On the business side, the prices movements over the last 12 months were very uncomplicated. Just a few days before our 2018 seminar, the American administration introduced a new phase of tariffs on Chinese goods, the market was then around 80 c/lb or 1050 CFA per Kilo, but already well below the 1150 CFA reached three months earlier. At the same time, the USDA still reported a production deficit of one and a half million tons.
Since then, the Sino-American trade war and President Trump’s tweets have taken over, and in the meantime, production has surpassed demand. I don’t need to remind you how that film ended… On the other hand, I leave you with some positive arguments to leave some hope during my second year in office:
– First, this season’s low prices are demotivating and should bring production down for the 2020/21 season.
– Then, whether it is America, India or China, all the major producing countries have their subsidy programs aimed at reducing the stock available on the market in order to stimulate prices.
– Third, the Sino-American trade war should favor African cotton and improve its price in comparison to US cotton.
– Finally, the speculative community is holding almost record net short positions and could easily panic and forcefully buy the market at the slightest positive news.
I will stop now as far as the market is concerned.
Let’s return to the sustainability theme. Why? It’s simple, when we started thinking about the subject, I realized that in fact, I didn’t know much about it and I had to dive into publications to get to the bottom of it.
The 1987 Brundtland Report explains: “Sustainable development meets the needs of the present without compromising the ability of future generations to meet their own needs”.
I realized that contrary to my preconceived ideas: sustainable development is not just about protecting the environment or social issues. Indeed, the theory says that sustainable development is based on 3 pillars, or circles, we can summarize by talking about the “3 Ps”. People, Planet and Profit. Or, Social, Environmental and Economic.

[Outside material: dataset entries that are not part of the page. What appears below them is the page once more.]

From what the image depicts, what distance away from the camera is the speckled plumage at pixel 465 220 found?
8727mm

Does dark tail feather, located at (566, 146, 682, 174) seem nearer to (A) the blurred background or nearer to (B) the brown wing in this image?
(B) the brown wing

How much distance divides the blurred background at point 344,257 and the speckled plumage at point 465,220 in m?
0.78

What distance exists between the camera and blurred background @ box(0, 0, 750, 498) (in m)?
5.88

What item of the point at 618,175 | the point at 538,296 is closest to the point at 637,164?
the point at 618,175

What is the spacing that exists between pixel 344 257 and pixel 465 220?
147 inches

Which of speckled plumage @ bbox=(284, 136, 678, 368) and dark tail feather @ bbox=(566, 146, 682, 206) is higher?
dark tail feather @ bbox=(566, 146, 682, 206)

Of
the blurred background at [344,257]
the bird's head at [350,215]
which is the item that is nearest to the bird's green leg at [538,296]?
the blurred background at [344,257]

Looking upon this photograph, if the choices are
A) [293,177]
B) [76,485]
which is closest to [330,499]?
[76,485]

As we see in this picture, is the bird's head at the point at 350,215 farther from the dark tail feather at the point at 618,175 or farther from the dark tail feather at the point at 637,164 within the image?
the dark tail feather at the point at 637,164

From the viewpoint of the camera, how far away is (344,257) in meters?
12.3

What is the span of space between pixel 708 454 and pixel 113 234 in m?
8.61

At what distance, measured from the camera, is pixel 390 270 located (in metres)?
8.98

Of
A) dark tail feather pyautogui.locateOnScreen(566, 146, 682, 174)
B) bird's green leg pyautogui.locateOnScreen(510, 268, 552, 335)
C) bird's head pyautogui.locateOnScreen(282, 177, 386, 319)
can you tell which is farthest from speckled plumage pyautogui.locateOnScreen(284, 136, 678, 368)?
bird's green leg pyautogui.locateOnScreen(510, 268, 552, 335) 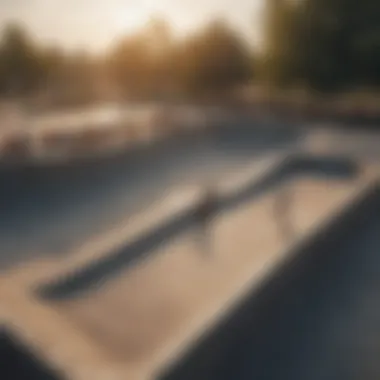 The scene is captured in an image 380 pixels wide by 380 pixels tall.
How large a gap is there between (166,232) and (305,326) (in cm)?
184

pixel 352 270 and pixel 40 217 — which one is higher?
pixel 40 217

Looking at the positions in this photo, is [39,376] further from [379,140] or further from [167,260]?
[379,140]

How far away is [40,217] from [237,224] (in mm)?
2271

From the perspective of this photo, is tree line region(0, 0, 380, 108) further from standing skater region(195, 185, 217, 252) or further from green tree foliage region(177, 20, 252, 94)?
standing skater region(195, 185, 217, 252)

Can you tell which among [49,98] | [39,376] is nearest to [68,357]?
[39,376]

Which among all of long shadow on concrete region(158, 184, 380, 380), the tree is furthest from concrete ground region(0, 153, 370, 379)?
the tree

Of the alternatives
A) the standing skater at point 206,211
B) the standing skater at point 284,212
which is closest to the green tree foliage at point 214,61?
the standing skater at point 284,212

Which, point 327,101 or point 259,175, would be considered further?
point 327,101

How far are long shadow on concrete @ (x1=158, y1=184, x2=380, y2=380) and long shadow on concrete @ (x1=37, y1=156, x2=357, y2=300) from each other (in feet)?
4.14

Others refer to the expression “Triple Balance Sheet”. As far as I can remember, in the media hype of Facebook, Instagram, Tweeter or other, I have often heard about People and Planet, but I lack relevant memories on the 3rd Pillar: “Profit”. Certainly, I was able to find some academic definitions, but not really many concrete examples to share with you. The very definition of economic sustainability is quite subjective. For me, for the expression ‘economic sustainability’, I would like to suggest the following definition: “the ability of a project or a sector to independently maintain a certain level of economic productivity “. A project will be sustainable as soon as it can keep itself alive on its own.
In fact, the day external aid becomes superfluous, we will have succeeded in our fight for sustainability. In practice, what does this mean for us, us being strongly linked to African cotton production?
It is our duty throughout the supply chain to enable the farmer to provide for his family while respecting the people and planet around him. To do this, we must continue to help them secure their incomes by increasing their profitability. Not by subsidizing the prices of seed cotton or such, nor by doubling each farmer’s acreage, but by giving them the knowledge and technical means necessary to increase their yields in the fields while respecting nature.
Leaving you with this challenge, I thank you for listening and look forward to meeting you next year on October for the AFCOT 2020 annual conference and dinner in Monte Carlo!
We can now all move over to the bar, thanks for being here, and have a great evening!